Just as football will be the defining memory of Rio 2016 for many Brazilians, my throwback goes back 20 years to Atlanta 1996 – widely regarded as one of the poorest Olympiads of modern times. That may well be true, but it didn’t half have some cracking and history-making football action. It was the first Games to have a women’s tournament, duly won by the host nation. That was a seminal moment in the progression of the female game, but I’ve chosen to focus on an amazing men’s competition.
It was to be the ‘Dream Team’ of Nigeria that would make history by being the first African team to win a major international football competition – the Olympics having previously been dominated by the Europeans and South Americans. As with Rio, the rules were the same for the participating teams comprised of players aged under 23. With such names as Nwankwo Kanu, Daniel Amokachi, Taribo West, brothers Emmanuel and Celestine Babayaro and Jay-Jay Okocha, the group positively oozed creativity and natural talent. Little wonder it was called the ‘Dream Team’.
Not that Nigeria were to have it easy, being placed in a qualifying group with Japan and Brazil. Playing their matches in the stifling Florida humidity would not prove problematic as the green machine won their opening two qualifiers without conceding a goal. However, with Brazil having suffered a shock defeat to Japan, the Samba Boys needed a result against Samson Siasia’s side to prevent elimination.
Over 55,000 crammed into Miami’s Orange Bowl to watch a real clash of the titans. A single Ronaldo goal consigned Nigeria to defeat, but thanks to a plucky display from Hungary against Japan, both sides progressed to the knockout stages.
In the quarter-finals in Birmingham, Alabama, a virtuoso display against a fine Mexico side was started by Okocha and finished off by Celestine Babayaro. The Super Eagles were now in the semi-finals, medals within reach and a nation captivated back home. What was to follow were two of the most thrilling Olympic football matches ever played. The semi-final was a rematch with Brazil and it wouldn’t be a repeat of the cagey group game. Flavio Conceicao ignited the contest with a first-minute goal and added another, after Roberto Carlos scored an own goal to level things. Brazil appeared to take an unassailable 3-1 half time lead.
With almost 79,000 mainly Brazilian, fans dreaming of a first Olympic title, the Dream Team fought back with Kanu saving the day in the last minute of normal time and scoring the winner in extra time. A remarkable comeback meant Nigeria were a game away from immortality. To achieve this, there was just the small matter of playing Argentina in the final.
Quite fitting then that Athens was the venue for the Olympic final – Athens in Georgia, of course.
Unlike much of the Atlanta games, this was an absolute classic. The stage was set with the Stamford Stadium packed to the rafters. Fittingly, Pierluigi Collina was the man in the middle for what is widely regarded as the finest Olympic final ever played.

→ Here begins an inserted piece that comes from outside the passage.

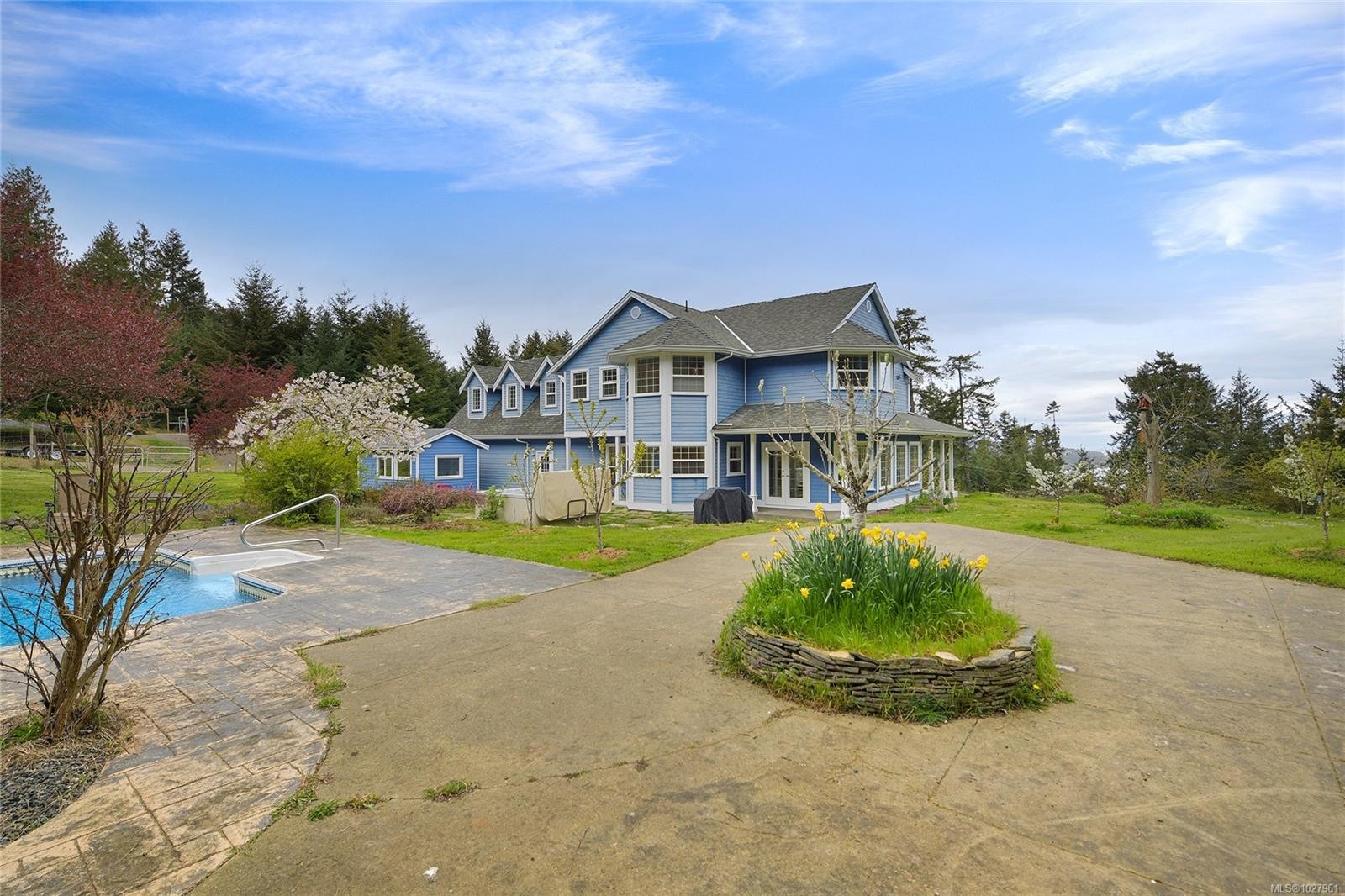 488 Mckercher Rd, Mayne Island, BC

Argentina, a side containing Roberto Sensini, Hernan Crespo, Matias Almeyda, Jose Chamot, Pablo Cavallero, Javier Zanetti and Diego Simeone, were heavy favourites having brushed Spain and Portugal aside to reach the final. Once again, Nigeria fell behind early to Claudio Lopez’s thumping header as the South Americans made the early running.
After Celestine Babayaro rattled the post with a header, Cavallero misjudged a corner and Celestine Babayaro towered a header into the net. The controversial penalty awarded against West allowed Crespo to restore Argentina’s lead on 50 minutes, before a wonderful piece of improvisation from Amokachi restored parity – a delightful impromptu flick over stranding Cavallero. Both sides pushed for the winner before Emmanuel Aminike’s last-minute winner secured Nigeria the Gold medal and sporting immortality.
The Dream Team had delivered and a Lagos went wild in delirious celebration as Africa made football history. They had beaten the odds, the favourites and even the clock to find a way to win. Deserved champions in a tournament littered with more stars than the night sky. So, if anyone says that football doesn’t belong in the Olympics, just remind them of Nigeria their remarkable campaign.